> **TASK TO COMPLETE**
Repeat each record exactly. Any picture gets left out.
##### RECORD EXCERPTS #####
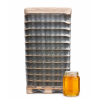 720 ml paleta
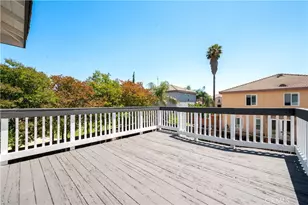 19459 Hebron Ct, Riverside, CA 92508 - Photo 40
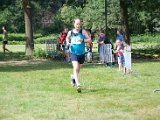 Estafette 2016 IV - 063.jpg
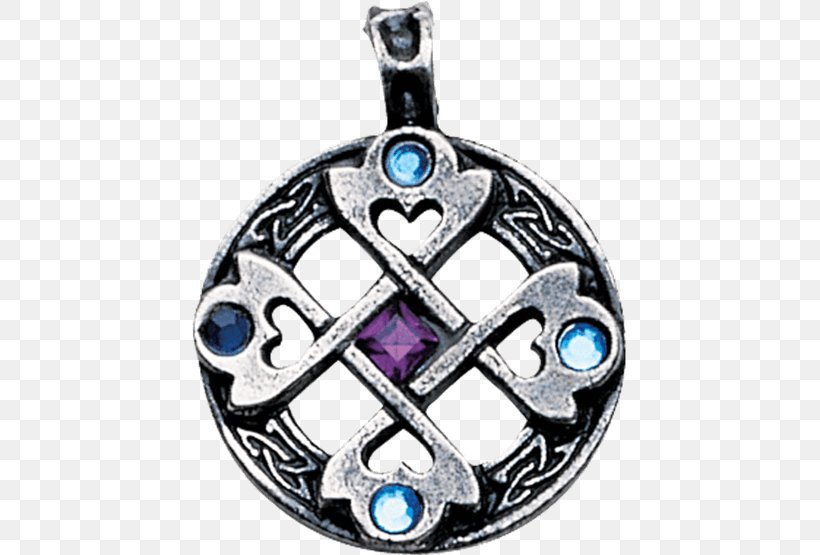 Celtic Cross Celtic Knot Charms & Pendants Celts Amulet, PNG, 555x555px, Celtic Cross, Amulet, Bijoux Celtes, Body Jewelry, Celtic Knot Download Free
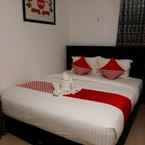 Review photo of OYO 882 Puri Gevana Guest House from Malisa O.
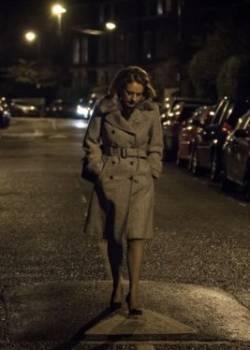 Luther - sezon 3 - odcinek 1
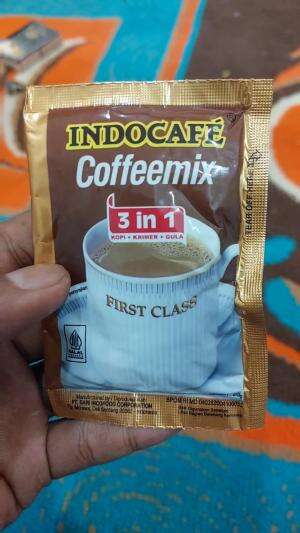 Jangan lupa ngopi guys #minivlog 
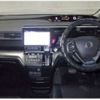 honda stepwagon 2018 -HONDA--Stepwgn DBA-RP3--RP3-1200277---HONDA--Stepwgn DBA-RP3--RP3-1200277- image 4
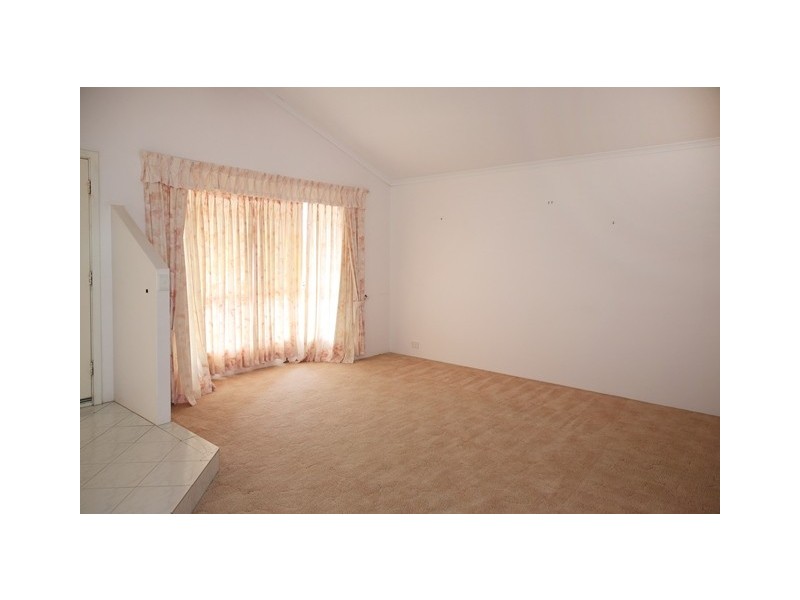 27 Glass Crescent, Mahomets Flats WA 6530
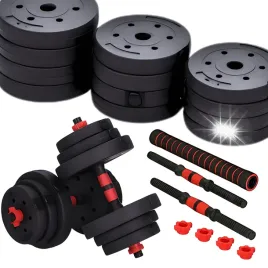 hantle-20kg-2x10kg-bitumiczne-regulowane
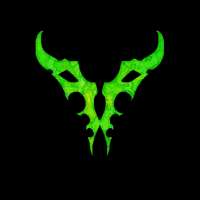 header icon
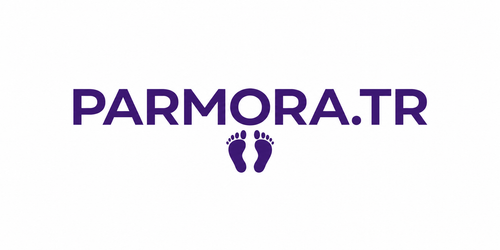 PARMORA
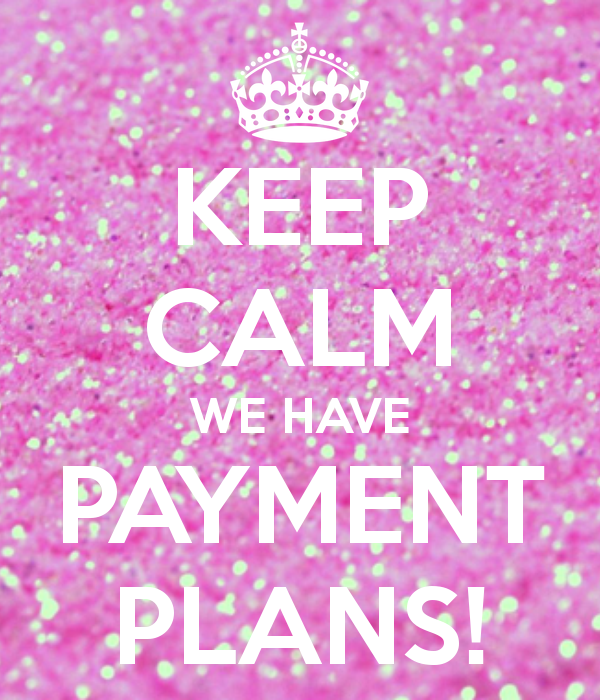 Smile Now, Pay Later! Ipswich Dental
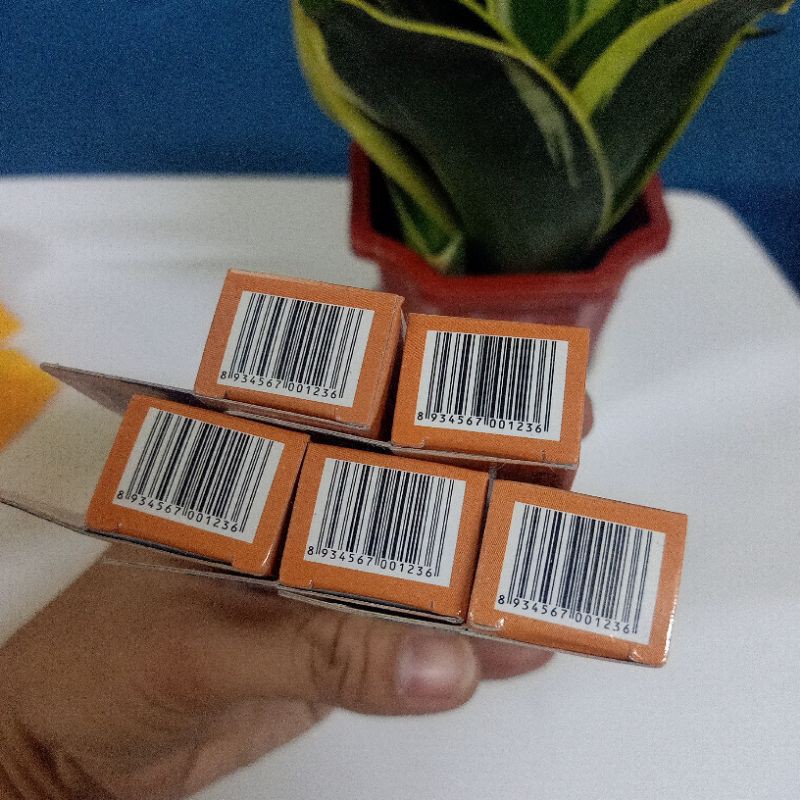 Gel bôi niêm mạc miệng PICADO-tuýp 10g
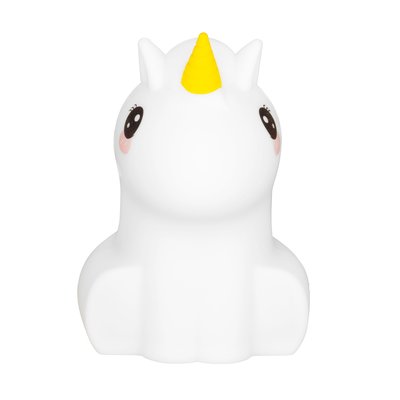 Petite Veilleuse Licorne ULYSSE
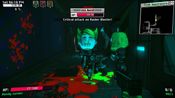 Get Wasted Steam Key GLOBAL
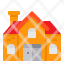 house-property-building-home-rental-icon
#####
> **EXPECTED ANSWER**
 720 ml paleta
 19459 Hebron Ct, Riverside, CA 92508 - Photo 40
 Estafette 2016 IV - 063.jpg
 Celtic Cross Celtic Knot Charms & Pendants Celts Amulet, PNG, 555x555px, Celtic Cross, Amulet, Bijoux Celtes, Body Jewelry, Celtic Knot Download Free
 Review photo of OYO 882 Puri Gevana Guest House from Malisa O.
 Luther - sezon 3 - odcinek 1
 Jangan lupa ngopi guys #minivlog 
 honda stepwagon 2018 -HONDA--Stepwgn DBA-RP3--RP3-1200277---HONDA--Stepwgn DBA-RP3--RP3-1200277- image 4
 27 Glass Crescent, Mahomets Flats WA 6530
 hantle-20kg-2x10kg-bitumiczne-regulowane
 header icon
 PARMORA
 Smile Now, Pay Later! Ipswich Dental
 Gel bôi niêm mạc miệng PICADO-tuýp 10g
 Petite Veilleuse Licorne ULYSSE
 Get Wasted Steam Key GLOBAL
 house-property-building-home-rental-icon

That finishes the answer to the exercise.